Another comparison that is quite popular for FaaS offerings is with containers.

Let's look at what containers are, as we haven't discussed them so far. Containerization of the infrastructure has been around for a long time, but it was made popular in 2013 by Docker when they combined operation system level virtualization with filesystem images on Linux. With this, it became easy to build and deploy containerized applications. The biggest benefit that Docker-containers provides is that, unlike Virtual Machines (VMs),  they share the same operating system as the host, which tremendously reduces the size of the image that is required to run a containerized application. As the footprint of Docker containers is less, you can run multiple Docker containers on the same host without significant impact on the host system. 

As container runtimes gained popularity, container platforms started to evolve. Some of the notable ones are:

  • CloudFoundry
  • Apache Mesos

The next step in the evolution of containerization was providing an API that let developers deploy Docker images across a fleet of compute infrastructures. The most popular container orchestration and scheduling platform that is out there right now is Kubernetes. It started as an internal project within Google in 2004, called Borg. Later, Google open sourced the solution as Kubernetes and it is right now the most commonly used container platform out there. There are other solutions as well, such as Mesosphere.

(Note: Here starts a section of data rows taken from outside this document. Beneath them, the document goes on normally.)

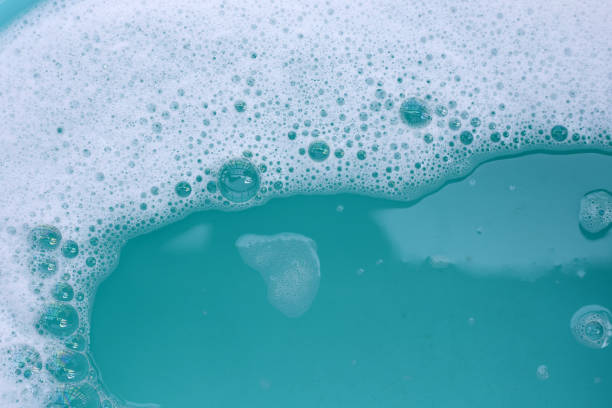 istock Detergent foam bubble on water. Blue background, Soap sud 2158995608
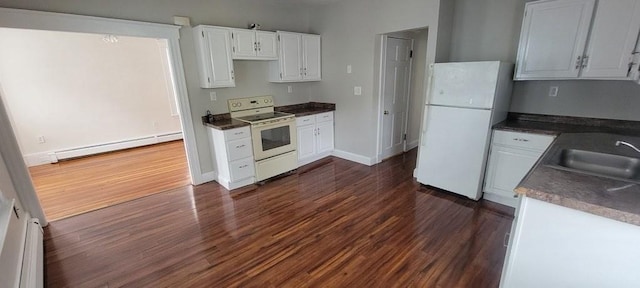 kitchen with dark countertops, a sink, white appliances, dark wood finished floors, and a baseboard radiator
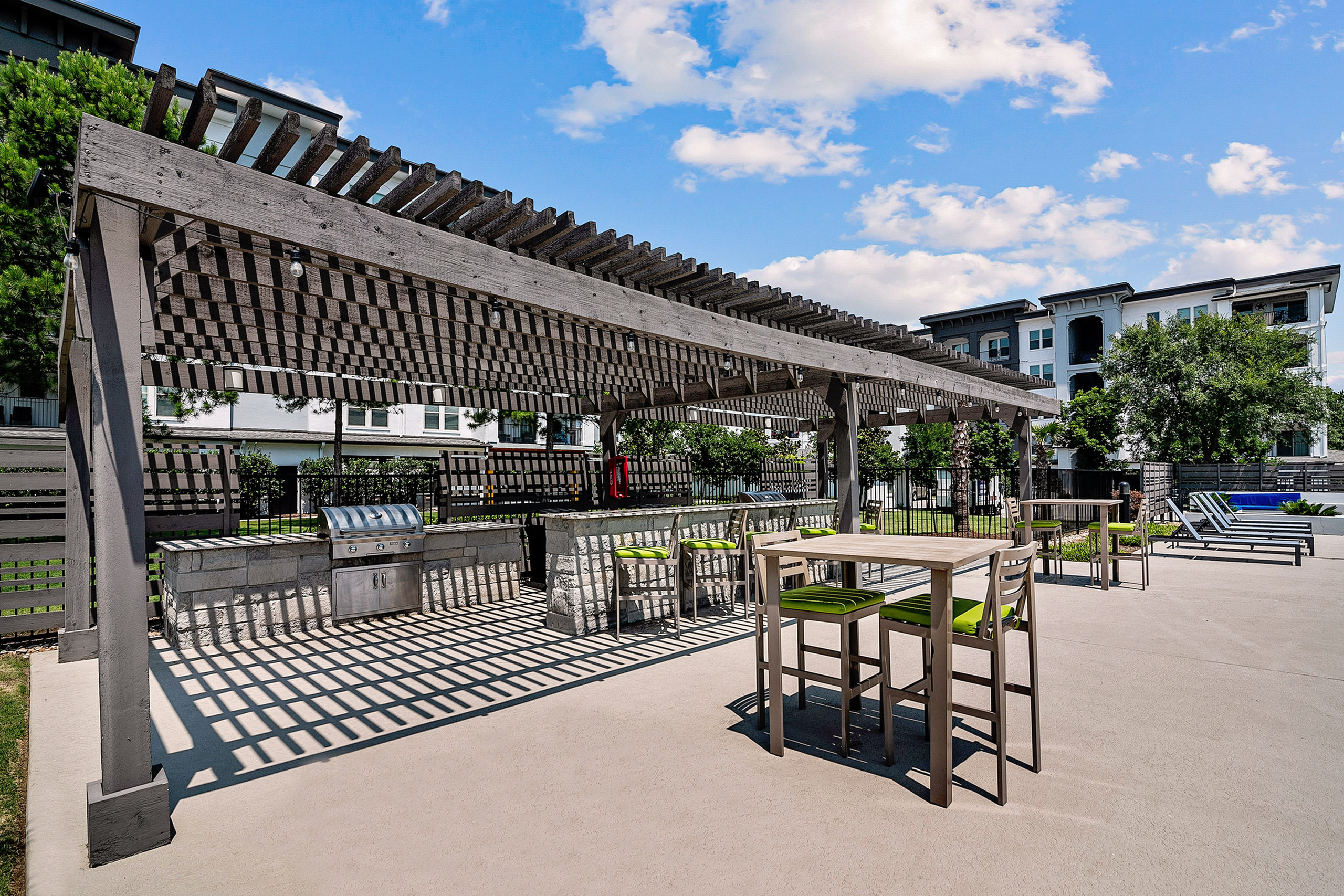 Spacious outdoor patio featuring a stylish pergola, modern barbecue grills, and comfortable seating in a vibrant apartment community.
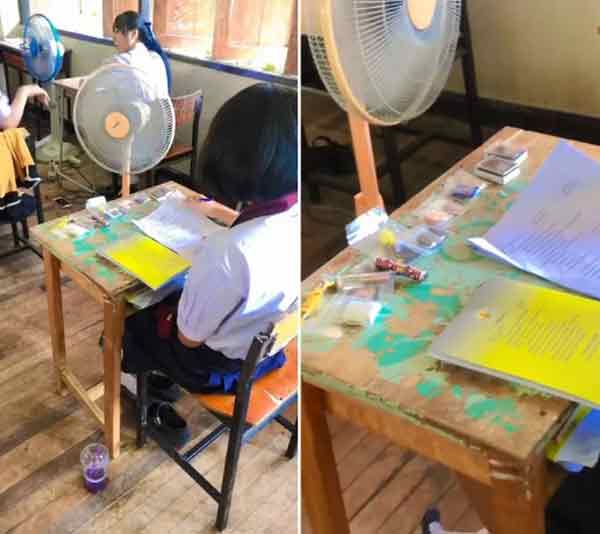 泰国有女学生考试时在桌面放了一排佛牌，在网上引起热议。
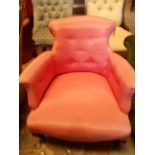 A pink upholstered tub shaped salon chair raised on squat cabriole shaped supports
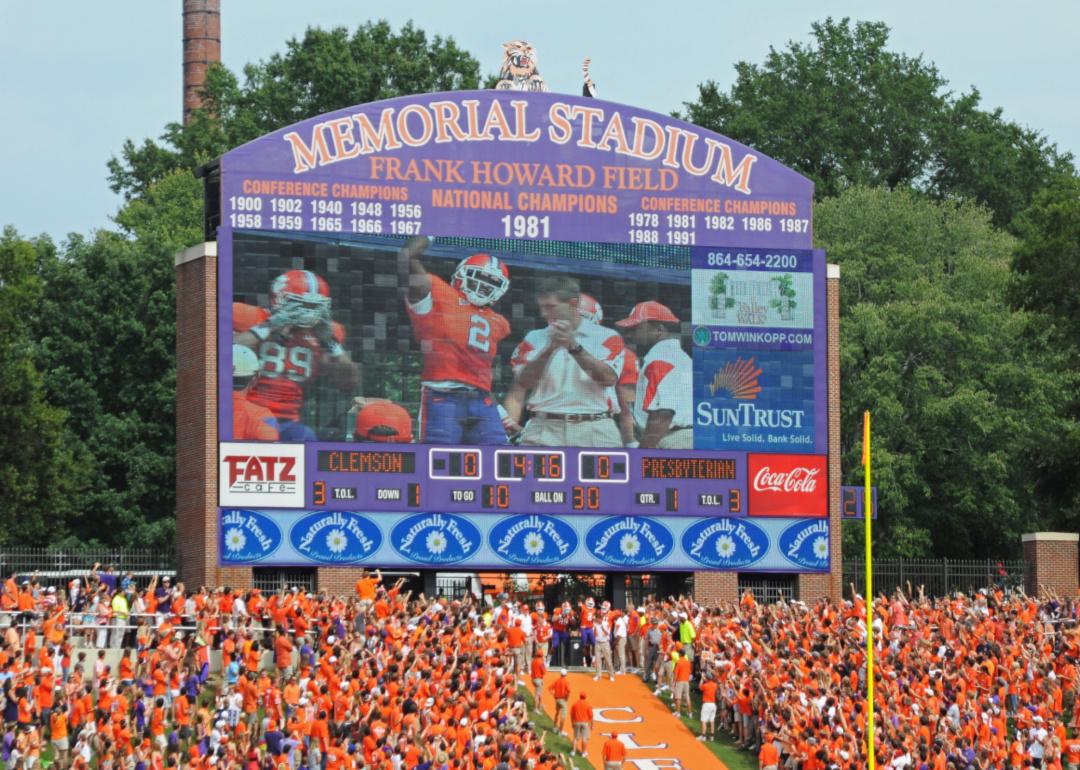 A scoreboard and crowded Clemson game.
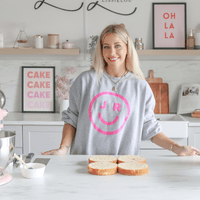 A smiling woman stands in a modern kitchen behind four slices of cake, wearing a gray sweatshirt with a pink smiley face and JR. The background features cake-themed decor and an OH LA LA sign, highlighting Jenna Rae Cakes Online Classes.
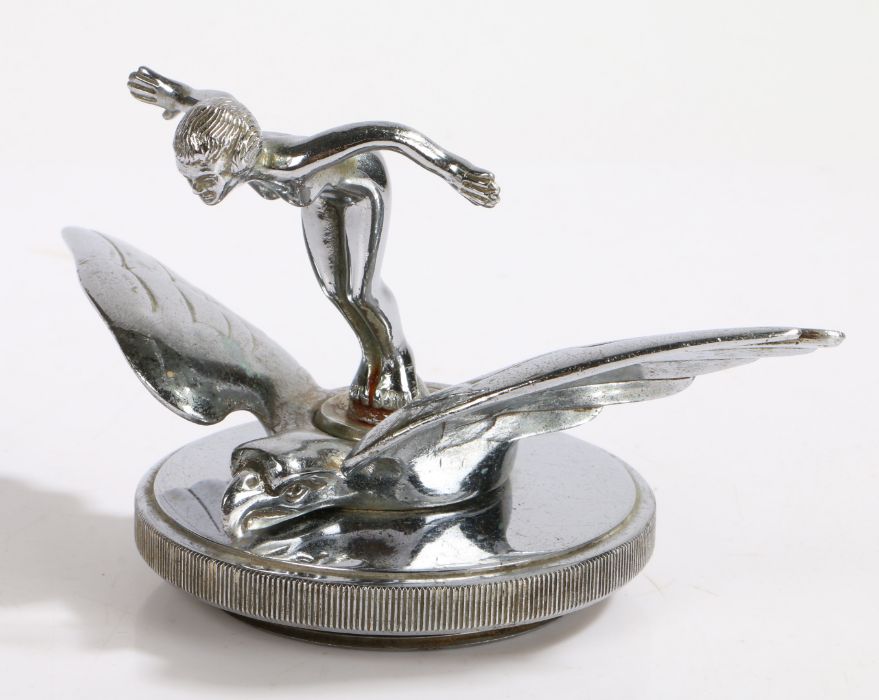 Early 20th Century bonnet ornament, depicting a nude female with her arms outspread standing on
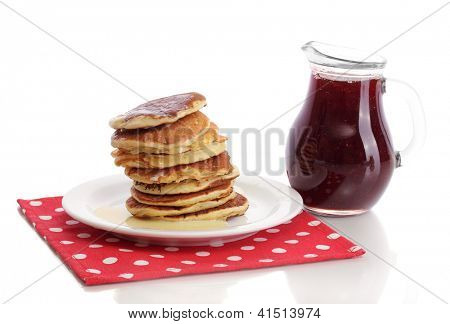 หวาน pancakes บนแผ่นกับนมข้นที่แยกต่างหากบนพื้นสีขาว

And even further advancement in container solutions was cloud-hosted container platforms, such as Amazon EC2 Container Service (ECS) and Google Container Engine (GKE), which, like serverless offerings, eliminates the need to provision and manage the master nodes in the cluster. However, you still have to provision and manage the nodes on which the containers will be scheduled to run. There are a lot of solutions that are out there that help in the maintenance of nodes within the cluster. AWS introduced their new container offering called Fargate, which is completely serverless, where you don't have to provision the nodes within the cluster ahead of time. It is still early days for Fargate, but if it offers what it promises, it will certainly help a lot of developers who don't have to spend time provisioning and managing nodes within the cluster.

Fundamentally, the same argument that I made for PaaS still holds true with containers as well. For serverless offerings or FaaS offerings, scaling is automatically managed and is transparent. The scaling also has fine grain control. Container platforms do not yet offer such a solution. There are scaling solutions within container platforms, such as Kubernetes Horizontal Pod Autoscaling, which do scale based on the load on the system. However, at the moment, they don't offer the same level of control that FaaS offerings provide.

As the gap of scaling and management between FaaS offerings and hosted container solutions narrow, the choice between the two may come down to the type of the application. For example, you would choose FaaS for applications that are event driven and containers for request-driven components with a lot of entry points. I expect FaaS offerings and container offerings to merge in the coming years.